Measuring nickel masses in Type Ia supernovae using cobalt emission in nebular phase spectra
Abstract
The light curves of Type Ia supernovae (SNe Ia) are powered by the radioactive decay of 56Ni to 56Co at early times, and the decay of 56Co to 56Fe from ~60 days after explosion. We examine the evolution of the [Co III] 5892 A emission complex during the nebular phase for SNe Ia with multiple nebular spectra and show that the line flux follows the square of the mass of 56Co as a function of time. This result indicates both efficient local energy deposition from positrons produced in 56Co decay, and long-term stability of the ionization state of the nebula. We compile 77 nebular spectra of 25 SN Ia from the literature and present 17 new nebular spectra of 7 SNe Ia, including SN2014J. From these we measure the flux in the [Co III] 5892 A line and remove its well-behaved time dependence to infer the initial mass of 56Ni (MNi) produced in the explosion.
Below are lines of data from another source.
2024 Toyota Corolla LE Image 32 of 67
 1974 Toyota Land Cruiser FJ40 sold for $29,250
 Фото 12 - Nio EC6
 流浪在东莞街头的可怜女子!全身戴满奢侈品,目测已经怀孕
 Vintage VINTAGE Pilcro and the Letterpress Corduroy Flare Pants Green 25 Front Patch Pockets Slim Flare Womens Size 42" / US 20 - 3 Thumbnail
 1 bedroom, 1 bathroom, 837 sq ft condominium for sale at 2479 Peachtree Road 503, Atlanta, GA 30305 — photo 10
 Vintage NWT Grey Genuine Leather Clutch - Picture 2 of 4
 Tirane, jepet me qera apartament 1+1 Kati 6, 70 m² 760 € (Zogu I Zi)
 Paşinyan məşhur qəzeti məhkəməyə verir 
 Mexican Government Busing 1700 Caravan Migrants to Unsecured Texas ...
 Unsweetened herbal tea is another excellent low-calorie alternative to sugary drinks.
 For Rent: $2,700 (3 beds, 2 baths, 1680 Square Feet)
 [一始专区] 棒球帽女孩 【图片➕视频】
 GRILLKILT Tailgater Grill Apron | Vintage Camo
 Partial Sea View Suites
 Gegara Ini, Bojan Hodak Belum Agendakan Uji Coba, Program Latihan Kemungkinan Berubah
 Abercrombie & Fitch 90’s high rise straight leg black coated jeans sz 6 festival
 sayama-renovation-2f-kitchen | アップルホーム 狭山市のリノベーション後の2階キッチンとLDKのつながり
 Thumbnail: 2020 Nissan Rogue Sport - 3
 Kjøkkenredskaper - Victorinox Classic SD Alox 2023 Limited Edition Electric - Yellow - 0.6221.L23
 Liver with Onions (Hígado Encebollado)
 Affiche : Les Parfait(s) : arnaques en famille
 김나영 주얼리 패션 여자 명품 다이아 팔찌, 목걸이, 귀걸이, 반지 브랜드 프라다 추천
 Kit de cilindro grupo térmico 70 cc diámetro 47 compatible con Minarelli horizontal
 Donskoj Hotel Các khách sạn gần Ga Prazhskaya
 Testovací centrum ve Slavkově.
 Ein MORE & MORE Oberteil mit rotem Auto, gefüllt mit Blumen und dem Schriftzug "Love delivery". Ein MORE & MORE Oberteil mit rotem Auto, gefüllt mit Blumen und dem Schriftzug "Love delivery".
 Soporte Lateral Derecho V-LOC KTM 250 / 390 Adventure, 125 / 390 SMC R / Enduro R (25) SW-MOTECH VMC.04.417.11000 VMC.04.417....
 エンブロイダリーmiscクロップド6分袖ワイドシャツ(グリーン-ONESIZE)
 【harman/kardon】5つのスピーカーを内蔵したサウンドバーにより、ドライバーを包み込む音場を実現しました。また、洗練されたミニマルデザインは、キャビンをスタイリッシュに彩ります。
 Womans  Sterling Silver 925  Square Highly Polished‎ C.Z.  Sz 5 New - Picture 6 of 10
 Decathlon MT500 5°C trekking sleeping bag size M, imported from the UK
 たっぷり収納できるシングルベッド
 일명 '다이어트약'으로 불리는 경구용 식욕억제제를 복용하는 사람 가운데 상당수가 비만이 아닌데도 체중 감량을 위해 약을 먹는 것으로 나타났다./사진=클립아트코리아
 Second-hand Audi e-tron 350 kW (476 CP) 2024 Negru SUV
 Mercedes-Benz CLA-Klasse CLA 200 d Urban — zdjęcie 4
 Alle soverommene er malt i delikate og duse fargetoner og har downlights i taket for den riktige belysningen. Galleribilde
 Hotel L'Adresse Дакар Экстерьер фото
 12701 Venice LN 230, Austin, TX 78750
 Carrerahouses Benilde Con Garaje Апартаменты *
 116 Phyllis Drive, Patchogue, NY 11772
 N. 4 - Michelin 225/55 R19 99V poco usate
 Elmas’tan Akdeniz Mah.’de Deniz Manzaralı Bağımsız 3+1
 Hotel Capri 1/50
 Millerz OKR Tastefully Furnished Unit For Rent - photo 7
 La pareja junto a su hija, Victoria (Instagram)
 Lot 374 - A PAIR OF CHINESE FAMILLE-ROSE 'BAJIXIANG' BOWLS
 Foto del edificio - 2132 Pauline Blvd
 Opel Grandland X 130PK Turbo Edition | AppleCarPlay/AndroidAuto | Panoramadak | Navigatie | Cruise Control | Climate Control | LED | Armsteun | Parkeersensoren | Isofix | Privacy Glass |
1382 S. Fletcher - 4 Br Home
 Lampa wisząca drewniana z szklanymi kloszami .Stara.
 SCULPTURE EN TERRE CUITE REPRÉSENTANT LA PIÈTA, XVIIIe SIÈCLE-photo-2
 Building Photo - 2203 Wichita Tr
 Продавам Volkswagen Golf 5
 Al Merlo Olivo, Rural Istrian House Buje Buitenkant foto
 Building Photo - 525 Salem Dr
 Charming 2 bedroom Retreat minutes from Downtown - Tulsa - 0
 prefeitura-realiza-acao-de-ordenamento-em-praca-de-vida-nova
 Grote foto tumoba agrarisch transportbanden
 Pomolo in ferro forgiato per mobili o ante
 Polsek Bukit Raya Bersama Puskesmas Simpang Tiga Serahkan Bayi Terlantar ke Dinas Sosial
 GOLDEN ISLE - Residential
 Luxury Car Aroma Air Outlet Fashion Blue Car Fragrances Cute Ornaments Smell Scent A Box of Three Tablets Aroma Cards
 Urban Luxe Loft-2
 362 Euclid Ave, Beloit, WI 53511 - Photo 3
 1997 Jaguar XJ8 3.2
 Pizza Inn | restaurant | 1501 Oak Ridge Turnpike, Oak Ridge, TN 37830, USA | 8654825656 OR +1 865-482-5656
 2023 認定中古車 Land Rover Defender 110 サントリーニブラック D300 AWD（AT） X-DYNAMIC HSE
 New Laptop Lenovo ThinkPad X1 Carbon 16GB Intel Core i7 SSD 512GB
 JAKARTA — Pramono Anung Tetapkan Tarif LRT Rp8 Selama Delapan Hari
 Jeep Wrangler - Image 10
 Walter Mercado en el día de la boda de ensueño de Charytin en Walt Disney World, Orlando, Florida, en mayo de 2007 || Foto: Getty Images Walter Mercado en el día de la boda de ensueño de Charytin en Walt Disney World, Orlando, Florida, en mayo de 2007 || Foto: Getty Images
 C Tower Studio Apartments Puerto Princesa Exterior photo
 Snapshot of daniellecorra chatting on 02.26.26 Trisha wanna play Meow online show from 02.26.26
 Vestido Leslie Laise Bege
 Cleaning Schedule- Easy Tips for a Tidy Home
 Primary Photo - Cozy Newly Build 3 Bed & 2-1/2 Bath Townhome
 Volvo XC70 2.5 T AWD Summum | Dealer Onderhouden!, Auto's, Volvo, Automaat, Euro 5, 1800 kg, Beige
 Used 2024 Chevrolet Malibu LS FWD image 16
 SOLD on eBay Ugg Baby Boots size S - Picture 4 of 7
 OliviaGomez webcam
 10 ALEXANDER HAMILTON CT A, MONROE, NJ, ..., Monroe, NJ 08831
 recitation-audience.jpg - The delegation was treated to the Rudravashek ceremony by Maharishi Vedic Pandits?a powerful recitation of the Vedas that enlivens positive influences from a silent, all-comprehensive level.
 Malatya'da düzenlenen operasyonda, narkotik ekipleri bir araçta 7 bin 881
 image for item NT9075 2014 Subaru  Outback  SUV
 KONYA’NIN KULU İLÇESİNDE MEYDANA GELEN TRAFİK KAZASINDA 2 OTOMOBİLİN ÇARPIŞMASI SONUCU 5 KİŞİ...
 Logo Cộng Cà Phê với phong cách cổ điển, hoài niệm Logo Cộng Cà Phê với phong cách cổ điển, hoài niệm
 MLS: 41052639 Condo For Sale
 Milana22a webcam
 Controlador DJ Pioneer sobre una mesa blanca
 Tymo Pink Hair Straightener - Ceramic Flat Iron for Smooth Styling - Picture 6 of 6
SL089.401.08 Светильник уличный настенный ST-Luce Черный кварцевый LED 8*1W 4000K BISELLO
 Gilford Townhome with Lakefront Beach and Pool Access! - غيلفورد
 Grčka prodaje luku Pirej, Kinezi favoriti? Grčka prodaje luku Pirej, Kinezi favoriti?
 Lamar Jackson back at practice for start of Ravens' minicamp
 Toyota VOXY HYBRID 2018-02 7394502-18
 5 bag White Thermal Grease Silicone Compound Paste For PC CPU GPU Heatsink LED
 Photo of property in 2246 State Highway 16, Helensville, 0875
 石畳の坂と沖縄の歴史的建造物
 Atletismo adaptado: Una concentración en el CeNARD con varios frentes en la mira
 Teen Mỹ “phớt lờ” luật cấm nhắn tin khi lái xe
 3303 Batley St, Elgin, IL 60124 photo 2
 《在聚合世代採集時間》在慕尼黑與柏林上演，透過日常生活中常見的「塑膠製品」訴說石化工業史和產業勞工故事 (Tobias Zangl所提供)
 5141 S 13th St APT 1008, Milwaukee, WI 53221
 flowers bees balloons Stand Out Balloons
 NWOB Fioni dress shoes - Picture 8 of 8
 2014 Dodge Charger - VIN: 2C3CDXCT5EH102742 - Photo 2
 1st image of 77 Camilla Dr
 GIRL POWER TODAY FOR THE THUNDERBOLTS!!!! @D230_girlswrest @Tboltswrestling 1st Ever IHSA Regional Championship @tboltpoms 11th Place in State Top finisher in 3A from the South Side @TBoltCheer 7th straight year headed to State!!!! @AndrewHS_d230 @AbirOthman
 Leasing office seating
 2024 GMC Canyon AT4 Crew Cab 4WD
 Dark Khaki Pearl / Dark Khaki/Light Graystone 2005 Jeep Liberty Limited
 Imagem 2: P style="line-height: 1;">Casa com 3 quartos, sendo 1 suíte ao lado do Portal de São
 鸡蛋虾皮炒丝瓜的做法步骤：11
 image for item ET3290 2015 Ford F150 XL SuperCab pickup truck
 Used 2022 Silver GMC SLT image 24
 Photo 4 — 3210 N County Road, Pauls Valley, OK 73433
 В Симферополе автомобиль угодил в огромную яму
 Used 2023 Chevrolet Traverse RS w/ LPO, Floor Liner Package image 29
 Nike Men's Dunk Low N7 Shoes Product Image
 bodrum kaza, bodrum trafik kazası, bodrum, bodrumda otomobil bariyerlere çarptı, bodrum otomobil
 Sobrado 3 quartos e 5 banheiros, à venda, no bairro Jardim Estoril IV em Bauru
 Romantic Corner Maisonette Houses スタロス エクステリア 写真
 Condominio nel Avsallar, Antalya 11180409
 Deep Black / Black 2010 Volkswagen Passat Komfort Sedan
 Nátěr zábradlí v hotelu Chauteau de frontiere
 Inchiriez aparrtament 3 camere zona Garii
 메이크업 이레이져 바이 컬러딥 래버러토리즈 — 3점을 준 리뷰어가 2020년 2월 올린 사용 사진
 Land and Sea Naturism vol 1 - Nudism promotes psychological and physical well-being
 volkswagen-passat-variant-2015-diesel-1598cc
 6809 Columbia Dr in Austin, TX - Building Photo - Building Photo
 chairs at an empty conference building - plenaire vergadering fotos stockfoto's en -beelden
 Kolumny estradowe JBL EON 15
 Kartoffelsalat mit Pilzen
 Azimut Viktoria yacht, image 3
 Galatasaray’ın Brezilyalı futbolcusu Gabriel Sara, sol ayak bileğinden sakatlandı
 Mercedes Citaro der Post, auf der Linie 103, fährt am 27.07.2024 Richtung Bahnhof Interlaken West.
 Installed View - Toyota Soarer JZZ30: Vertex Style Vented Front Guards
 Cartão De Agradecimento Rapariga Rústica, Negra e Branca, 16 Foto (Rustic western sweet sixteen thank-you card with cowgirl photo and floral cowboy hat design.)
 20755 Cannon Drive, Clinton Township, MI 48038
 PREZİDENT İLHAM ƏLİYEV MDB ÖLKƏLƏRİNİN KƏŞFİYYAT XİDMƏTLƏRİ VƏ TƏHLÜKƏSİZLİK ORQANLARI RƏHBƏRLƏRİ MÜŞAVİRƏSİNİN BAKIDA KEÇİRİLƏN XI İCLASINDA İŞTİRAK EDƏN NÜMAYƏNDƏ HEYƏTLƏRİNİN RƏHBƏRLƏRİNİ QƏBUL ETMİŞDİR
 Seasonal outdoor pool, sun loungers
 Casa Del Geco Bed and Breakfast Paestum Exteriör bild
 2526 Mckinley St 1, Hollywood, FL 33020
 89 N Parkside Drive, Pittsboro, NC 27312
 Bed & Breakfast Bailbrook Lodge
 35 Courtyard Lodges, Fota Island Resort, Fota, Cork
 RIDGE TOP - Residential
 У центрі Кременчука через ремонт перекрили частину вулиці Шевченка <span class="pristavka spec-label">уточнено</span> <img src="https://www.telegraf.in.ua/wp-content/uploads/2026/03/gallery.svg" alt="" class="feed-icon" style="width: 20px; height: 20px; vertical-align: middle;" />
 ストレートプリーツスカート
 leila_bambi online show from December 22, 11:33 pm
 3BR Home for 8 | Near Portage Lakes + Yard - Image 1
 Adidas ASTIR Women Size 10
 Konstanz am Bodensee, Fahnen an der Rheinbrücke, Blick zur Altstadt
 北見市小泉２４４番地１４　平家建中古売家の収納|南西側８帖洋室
We then examine 56Ni yields for different SN Ia ejected masses (Mej - calculated using the relation between light curve width and ejected mass) and find the 56Ni masses of SNe Ia fall into two regimes: for narrow light curves (low stretch s~0.7-0.9), MNi is clustered near MNi ~ 0.4M and shows a shallow increase as Mej increases from ~1-1.4M; at high stretch, Mej clusters at the Chandrasekhar mass (1.4M) while MNi spans a broad range from 0.6-1.2M. This could constitute evidence for two distinct SN Ia explosion mechanisms.